Why is that important? Because each time you fix something in OSM your brain gives you a little drop of seratonin, or something, that makes you feel good. And that comes from a quick feedback loop. With traditional companies your feedback loop is far, far too long. Anything more than a couple of minutes is too long because there’s no association of the act of fixing something with the good feeling. More often than not, you help fix something and it drops in to a black hole.
In fact, getting an email a month later that they fixed something is a detriment to you helping again. Surely, the user thinks, there must be a better system? And so they discover OSM.
At another conference, the host and interested parties wanted to build a new community map however at lunch we were left to fend for ourselves to find food. Consider this – if you can’t build a community of people to go to lunch or grab a beer, how will you organise one to map the world for you?

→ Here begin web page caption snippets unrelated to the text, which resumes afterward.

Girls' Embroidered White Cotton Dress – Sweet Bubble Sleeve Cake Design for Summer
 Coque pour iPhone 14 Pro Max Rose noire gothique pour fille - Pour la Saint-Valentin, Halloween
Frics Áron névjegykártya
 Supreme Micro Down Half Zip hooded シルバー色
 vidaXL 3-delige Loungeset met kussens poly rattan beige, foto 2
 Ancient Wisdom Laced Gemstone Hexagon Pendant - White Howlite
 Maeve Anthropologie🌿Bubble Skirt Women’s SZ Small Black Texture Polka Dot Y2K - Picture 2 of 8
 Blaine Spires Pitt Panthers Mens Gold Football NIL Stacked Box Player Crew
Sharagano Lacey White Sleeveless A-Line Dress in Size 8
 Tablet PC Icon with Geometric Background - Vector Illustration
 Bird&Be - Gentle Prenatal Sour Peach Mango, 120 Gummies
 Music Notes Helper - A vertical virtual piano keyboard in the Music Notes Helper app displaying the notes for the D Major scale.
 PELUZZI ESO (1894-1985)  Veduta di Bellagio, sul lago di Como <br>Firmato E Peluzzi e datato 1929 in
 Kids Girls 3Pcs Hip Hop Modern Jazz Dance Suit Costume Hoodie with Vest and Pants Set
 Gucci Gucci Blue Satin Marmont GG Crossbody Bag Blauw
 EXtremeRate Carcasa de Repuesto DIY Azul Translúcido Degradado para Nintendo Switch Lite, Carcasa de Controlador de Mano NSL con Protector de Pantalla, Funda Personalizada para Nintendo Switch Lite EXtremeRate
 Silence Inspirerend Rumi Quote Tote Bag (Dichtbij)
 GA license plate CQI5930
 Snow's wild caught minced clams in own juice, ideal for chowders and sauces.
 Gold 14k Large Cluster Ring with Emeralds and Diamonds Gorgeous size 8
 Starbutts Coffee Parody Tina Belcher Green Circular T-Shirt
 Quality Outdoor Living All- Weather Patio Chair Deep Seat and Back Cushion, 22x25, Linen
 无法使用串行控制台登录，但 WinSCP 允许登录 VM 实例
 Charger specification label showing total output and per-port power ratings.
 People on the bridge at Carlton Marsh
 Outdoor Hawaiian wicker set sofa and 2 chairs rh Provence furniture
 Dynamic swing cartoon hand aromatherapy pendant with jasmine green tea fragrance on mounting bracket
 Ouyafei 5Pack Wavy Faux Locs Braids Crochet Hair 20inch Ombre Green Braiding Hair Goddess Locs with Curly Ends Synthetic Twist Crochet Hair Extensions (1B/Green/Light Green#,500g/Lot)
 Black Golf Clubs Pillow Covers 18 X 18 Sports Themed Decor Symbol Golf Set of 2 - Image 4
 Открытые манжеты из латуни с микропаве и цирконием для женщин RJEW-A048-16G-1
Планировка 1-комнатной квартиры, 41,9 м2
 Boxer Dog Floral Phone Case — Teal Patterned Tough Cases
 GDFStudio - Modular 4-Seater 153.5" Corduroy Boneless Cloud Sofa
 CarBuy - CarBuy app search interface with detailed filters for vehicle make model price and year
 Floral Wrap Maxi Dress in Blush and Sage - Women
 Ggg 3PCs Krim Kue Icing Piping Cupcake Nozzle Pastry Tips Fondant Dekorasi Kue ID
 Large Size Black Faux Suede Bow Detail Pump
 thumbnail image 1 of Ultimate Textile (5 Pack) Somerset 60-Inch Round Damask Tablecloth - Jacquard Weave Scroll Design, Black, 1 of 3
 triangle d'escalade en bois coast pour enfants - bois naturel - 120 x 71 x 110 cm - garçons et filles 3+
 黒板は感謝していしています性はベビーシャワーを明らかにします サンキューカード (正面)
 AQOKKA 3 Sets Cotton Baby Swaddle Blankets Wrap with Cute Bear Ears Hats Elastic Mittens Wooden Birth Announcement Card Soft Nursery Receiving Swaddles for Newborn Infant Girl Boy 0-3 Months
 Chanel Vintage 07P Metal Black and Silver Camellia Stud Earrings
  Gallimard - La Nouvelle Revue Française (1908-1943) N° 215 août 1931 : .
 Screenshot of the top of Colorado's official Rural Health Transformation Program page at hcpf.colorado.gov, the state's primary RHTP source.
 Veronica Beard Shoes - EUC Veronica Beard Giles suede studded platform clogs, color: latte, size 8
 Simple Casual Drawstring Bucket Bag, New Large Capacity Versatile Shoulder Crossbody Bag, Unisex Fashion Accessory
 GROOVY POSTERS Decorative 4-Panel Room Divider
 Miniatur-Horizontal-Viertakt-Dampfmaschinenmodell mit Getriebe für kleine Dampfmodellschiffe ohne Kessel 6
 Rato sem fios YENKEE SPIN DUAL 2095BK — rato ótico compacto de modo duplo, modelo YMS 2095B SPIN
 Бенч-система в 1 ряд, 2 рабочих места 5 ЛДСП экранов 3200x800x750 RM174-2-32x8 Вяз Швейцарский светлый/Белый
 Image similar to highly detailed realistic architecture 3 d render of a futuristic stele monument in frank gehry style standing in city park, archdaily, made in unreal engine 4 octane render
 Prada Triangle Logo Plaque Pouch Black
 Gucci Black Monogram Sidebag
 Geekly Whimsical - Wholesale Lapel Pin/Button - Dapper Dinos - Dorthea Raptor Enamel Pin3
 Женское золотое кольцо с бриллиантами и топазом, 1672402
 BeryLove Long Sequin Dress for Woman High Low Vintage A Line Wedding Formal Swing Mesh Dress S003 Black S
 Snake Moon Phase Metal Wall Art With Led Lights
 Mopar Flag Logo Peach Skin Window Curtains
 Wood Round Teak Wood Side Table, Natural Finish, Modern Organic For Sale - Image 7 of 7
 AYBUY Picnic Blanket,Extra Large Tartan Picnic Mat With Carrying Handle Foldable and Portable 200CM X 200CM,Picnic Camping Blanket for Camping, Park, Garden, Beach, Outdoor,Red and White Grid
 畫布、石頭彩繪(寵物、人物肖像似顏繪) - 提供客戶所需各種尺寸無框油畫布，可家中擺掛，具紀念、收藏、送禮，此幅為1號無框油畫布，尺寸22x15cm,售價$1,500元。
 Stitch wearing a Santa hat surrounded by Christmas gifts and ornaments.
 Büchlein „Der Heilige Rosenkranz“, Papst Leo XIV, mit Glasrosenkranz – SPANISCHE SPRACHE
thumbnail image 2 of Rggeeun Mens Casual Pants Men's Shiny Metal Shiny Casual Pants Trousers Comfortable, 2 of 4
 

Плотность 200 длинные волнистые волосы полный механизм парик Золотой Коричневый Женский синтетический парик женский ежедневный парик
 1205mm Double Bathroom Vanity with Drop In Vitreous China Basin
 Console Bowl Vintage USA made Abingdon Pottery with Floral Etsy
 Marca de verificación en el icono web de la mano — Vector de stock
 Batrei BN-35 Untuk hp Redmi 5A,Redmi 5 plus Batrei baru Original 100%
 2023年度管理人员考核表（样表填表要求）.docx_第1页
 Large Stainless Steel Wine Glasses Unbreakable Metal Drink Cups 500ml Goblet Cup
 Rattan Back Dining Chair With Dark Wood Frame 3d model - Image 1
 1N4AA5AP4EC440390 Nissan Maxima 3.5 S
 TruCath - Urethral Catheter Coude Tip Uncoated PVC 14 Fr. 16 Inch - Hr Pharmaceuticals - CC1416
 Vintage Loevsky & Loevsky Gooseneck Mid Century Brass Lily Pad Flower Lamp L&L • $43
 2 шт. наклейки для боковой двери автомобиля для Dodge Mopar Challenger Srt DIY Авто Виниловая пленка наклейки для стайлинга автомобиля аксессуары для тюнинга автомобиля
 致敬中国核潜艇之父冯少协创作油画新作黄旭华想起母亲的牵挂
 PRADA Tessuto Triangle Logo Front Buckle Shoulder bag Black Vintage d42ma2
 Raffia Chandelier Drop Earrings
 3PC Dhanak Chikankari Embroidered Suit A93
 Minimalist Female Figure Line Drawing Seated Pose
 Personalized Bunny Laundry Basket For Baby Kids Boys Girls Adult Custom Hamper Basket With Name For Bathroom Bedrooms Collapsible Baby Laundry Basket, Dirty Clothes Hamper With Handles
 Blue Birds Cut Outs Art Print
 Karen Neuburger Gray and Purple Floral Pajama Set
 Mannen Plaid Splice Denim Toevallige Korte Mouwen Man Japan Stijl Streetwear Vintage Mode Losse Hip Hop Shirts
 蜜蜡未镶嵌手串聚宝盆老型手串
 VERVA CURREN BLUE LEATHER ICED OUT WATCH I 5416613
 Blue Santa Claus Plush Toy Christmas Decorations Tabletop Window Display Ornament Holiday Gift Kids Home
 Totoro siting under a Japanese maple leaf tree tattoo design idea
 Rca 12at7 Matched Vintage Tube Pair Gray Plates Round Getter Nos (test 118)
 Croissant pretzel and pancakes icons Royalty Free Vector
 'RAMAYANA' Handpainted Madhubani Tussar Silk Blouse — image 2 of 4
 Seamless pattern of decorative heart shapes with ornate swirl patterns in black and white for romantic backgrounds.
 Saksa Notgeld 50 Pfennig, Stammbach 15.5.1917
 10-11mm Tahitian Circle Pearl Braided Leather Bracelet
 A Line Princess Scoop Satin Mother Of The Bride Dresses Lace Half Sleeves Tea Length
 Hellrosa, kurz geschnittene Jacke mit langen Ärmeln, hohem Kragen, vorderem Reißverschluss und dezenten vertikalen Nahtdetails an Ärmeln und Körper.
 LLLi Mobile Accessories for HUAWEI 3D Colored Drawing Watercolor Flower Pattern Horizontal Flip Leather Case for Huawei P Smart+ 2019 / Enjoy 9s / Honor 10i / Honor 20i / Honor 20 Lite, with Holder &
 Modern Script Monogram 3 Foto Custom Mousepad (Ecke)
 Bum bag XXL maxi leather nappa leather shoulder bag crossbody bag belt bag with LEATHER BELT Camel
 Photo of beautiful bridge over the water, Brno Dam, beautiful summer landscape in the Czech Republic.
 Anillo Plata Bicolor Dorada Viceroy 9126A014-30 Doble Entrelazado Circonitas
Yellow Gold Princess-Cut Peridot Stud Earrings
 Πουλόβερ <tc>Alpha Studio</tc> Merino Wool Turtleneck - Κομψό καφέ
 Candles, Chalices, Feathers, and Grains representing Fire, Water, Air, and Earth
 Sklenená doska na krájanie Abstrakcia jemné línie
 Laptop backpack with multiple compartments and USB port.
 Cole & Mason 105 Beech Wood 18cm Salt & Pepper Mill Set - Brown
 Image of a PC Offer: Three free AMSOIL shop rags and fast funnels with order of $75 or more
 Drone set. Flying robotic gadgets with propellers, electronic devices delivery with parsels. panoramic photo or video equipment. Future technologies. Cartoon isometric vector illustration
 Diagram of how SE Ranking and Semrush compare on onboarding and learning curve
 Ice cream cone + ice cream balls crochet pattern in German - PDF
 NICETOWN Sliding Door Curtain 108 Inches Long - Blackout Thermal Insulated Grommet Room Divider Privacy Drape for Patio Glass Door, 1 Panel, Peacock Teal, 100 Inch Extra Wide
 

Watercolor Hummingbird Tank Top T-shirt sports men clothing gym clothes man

Maps are getting more detailed all the time. Every time you increase the depth and detail of a map from country to major roads, to primary roads, to secondary… all the way down to buildings. Every time you step up the depth level you exponentially increase the amount of data in the map. And with that, you exponentially increase the number of bugs in the map and the time and cost of fixing them or resurveying the whole map.
The logistical costs of producing maps in a top-down fashion pretty much levelled out at having fleets of cars driving around North America and Europe. Increasing the detail with footpaths would cost far more than the benefit any company could leverage if they tried to do it a similar way. Crowd sourcing this from customers and others is simply inevitable – there is no other way to do it. But many will likely try to add quality assurance in between their contributors and the map and thus limit the scope and depth of the contributions.
Likewise for base maps of just roads it makes sense today to almost exclusively crowd source the data. We’ve seen this begin to happen and like Mutual Assured Destruction, other companies will follow until there are no top down maps of the world.
Those maps will, at times and in certain areas, be better than OSM. But the growth of OSM is inexorable and like a freight train will ultimately roll over everything in its path. It may even happen before traditional companies figure this out and try to start seriously crowd sourcing data.
Thus, the future is bright for OSM. As the number of users screams upward so does the quantity and breadth of the data entered in to the map. As a moving target with a community behind it, OSM is incomparable with a top down map released on a quarterly basis.
Everywhere from crisis zones to mobile phones OSM is becoming the default map much as wikipedia became the default encyclopaedia, and that’s a beautiful thing to watch.